Hurricane Preparedness Week started on Sunday as a way to prepare for the potential of a land-falling tropical storm or hurricane. Obviously, most of the focus for this week will be along the coast, which is going to get the brunt force of any type of hurricane or tropical storm.

As far inland as Troup County is, it’s rare when any kind of tropical system has any steam left when it makes its way this far north.

But, then again, we had two tropical storms (Irma and Nate) make their way through this area last year.  

We wrote stories on evacuees from Irma, who made their way to Troup County as a way to try to avoid the storm. Instead, the storm’s path turned this direction, and most of those evacuees were forced to find another safe place to wait out the storm.

It could be some time before this area sees a storm like Irma again. Thankfully there wasn’t much damage, other than some power line issues and trees down.

Regardless of our inland location, this week is a chance to prepare — just in case, but we’re not just talking about hurricanes. The official hurricane season starts June 1, but we’re also in the midst of the South’s prime tornado season. With Mother Nature, you just never know what’s going to happen.

As we’re written about with fire safety in the past, the most important thing is to have a plan. Know what you’re going to do if a severe storm — tornado or hurricane — comes this way.
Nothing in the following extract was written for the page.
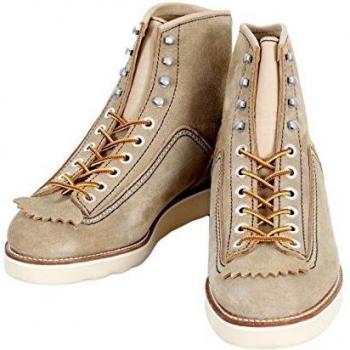 Botas Lone Wolf Hunter con suela de ante beige – Hombre, estilo multicolor, talla 42EU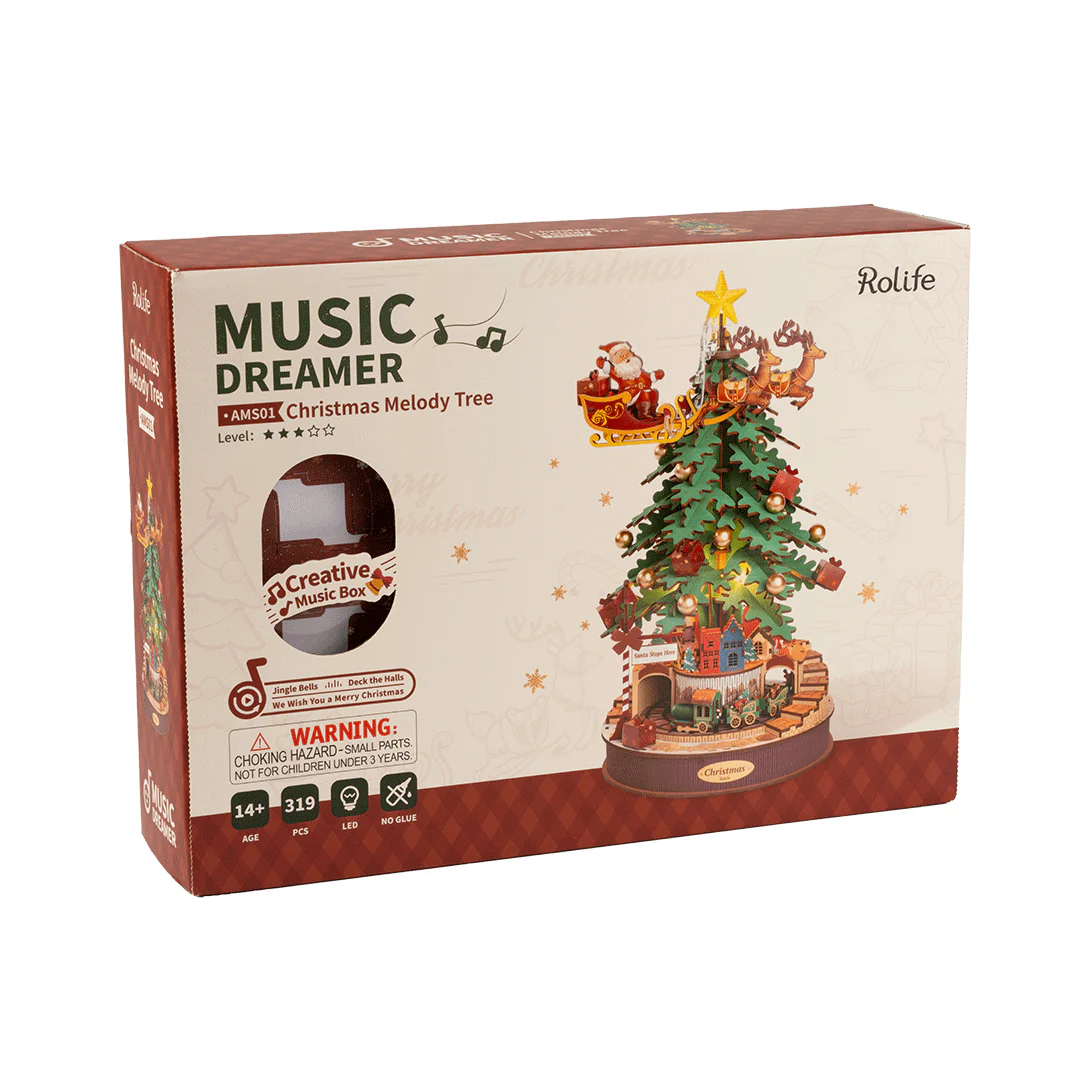 DIY I Christmas Melody Tree - Image 2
Have a way to get weather information, like from the National Weather Service in Peachtree City website, and make a plan on where you and your family will ride out the storm.

It’s unlikely any storm would still be hurricane strength by the time it reaches our neck of the woods, but heavy winds and tornadoes are a possibility with tropical storms. 

But, hurricane preparedness week isn’t just about where you’re currently living.  We all appreciate a trip to the beach every now and then, but there’s always a chance a storm could throw off vacation plans for anyone going to east Georgia or Florida. Keep an eye on the weather before you travel.

Hopefully this will be a relatively inactive hurricane (and spring tornado) season overall, but it’s always best to be ready, just in case.